Brutus

Brutus

de Voltaire

Acte I

Scène I

Le théâtre représente une partie de la maison des consuls sur le mont Tarpéien; le temple du Capitole se voit dans le fond. Les sénateurs sont assemblés entre le temple et la maison, devant l’autel de Mars. Brutus et Valérius Publicola, consifls, présidentà cette assemblée: les sénateurs sont rangés en demi-cercle. Des licteurs avec leurs faisceaux sont debout derrière les sénateurs.

 

BRUTUS, VALERIUS PUBLICOLA, LES SÉNATEURS.

BRUTUS.

Destructeurs des tyrans, vous qui n’avez pour rois
Que les dieux de Numa, vos vertus et nos lois,
Enfin notre ennemi commence à nous connaître.
Ce superbe Toscan qui ne parlait qu’en maître,
Porsenna, de Tarquin ce formidable appui,
te tyran, protecteur d’un tyran comme lui,
Qui couvre de son camp les rivages du Tibre,
Respecte le sénat et craint un peuple libre.
Aujourd’hui, devant vous abaissant sa hauteur,
Il demande à traiter par un ambassadeur.
Arons, qu’il nous députe, en ce moment s’avance
Aux sénateurs de Rome il demande audience:
Il attend dans ce temple, et c’est à vous de voir
S’il le faut refuser, s’il le faut recevoir.

VALÉRIUS PUBLICOLA.

Quoi qu’il vienne annoncer, quoi qu’on puisse en attendre,
Il le faut à son roi renvoyer sans l’entendre
Tel est mon sentiment.

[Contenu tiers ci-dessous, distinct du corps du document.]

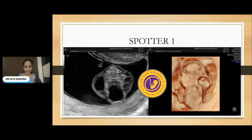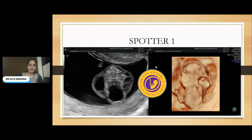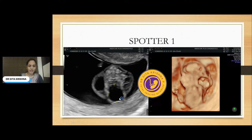Here is the first case. This is the 2D as well as 3D image. This fetus is around 12 weeks, and there are three cystic structures on both sides of the neck, as well as in the posterior aspect of the neck. This was the 3D image that we took. What is the diagnosis?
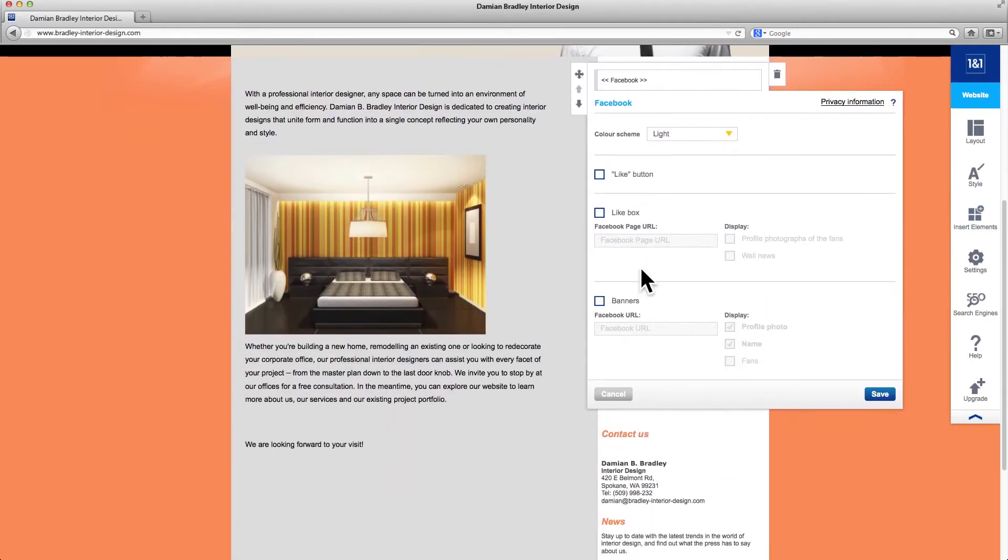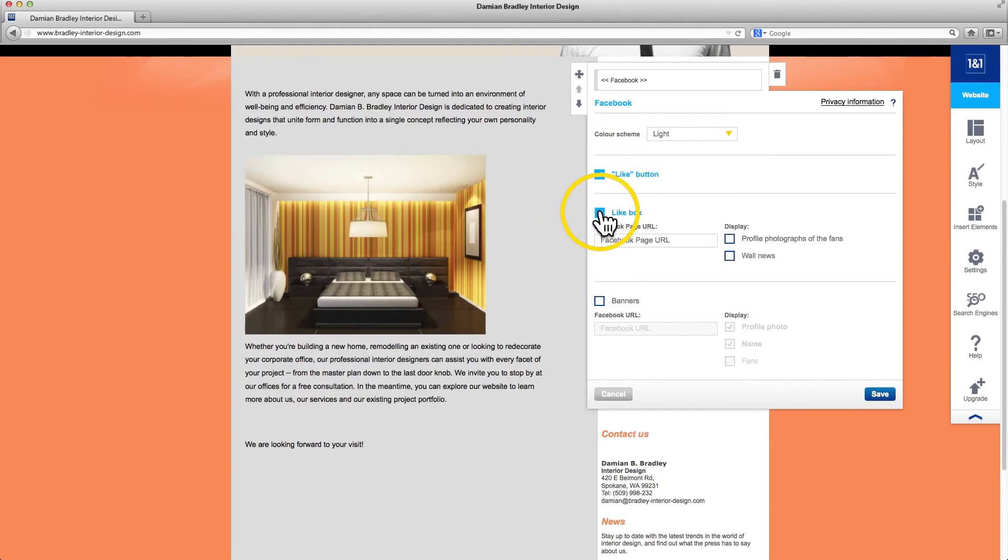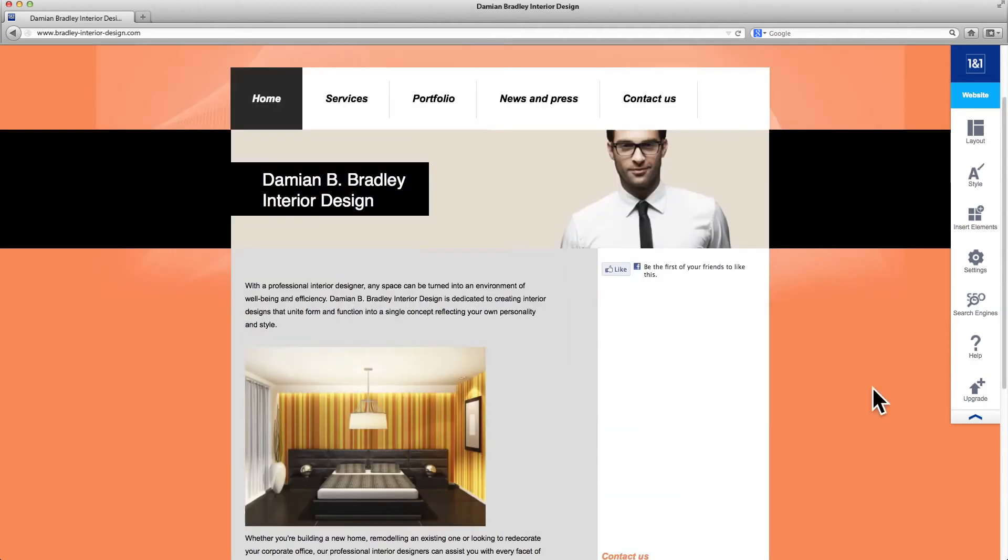You can decide what you want to show now or change settings later, such as adding the Like button or the wall posts of your Facebook page. Confirm your selection by clicking Save.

Rome ne traite plus
Avec ses ennemis que quand ils sont vaincus.
Votre fils, il est vrai, vengeur de la patrie,
A deux fois repoussé le tyran d’Étrurie;
Je sais tout ce qu’on doit à ses vaillantes mains;
Je sais qu’à votre exemple il sauva les Romains
Mais ce n’est point assez; Rome, assiégée encore,
Voit dans les champs voisins ces tyrans qu’elle abhorre.
Que Tarquin satisfasse aux ordres du sénat;
Exilé par nos lois, qu’il sorte de l’État;
De son coupable aspect qu’il purge nos frontières,
Et nous pourrons ensuite écouter ses prières.
Ce nom d’ambassadeur a paru vous frapper;
Tarquin n’a pu nous vaincre, il cherche à nous tromper.
L’ambassadeur d’un roi m’est toujours redoutable;
Ce n’est qu’un ennemi, sous un titre honorable,
Qui vient, rempli d’orgueil ou de dextérité,
Insulter ou trahir avec impunité.
Rome, n’écoute point leur séduisant langage:
Tout art t’est étranger; combattre est ton partage:
Confonds tes ennemis de ta gloire irrités;
Tombe, ou punis les rois: ce sont là tes traités.

BRUTUS.

Rome sait à quel point sa liberté m’est chère:
Mais, plein du même esprit, mon sentiment diffère.
Je vois cette ambassade, au nom des souverains,
Comme un premier hommage aux citoyens romains.
Accoutumons des rois la fierté despotique
A traiter en égale avec la république;
Attendant que, du ciel remplissant les décrets,
Quelque jour avec elle ils traitent en sujets.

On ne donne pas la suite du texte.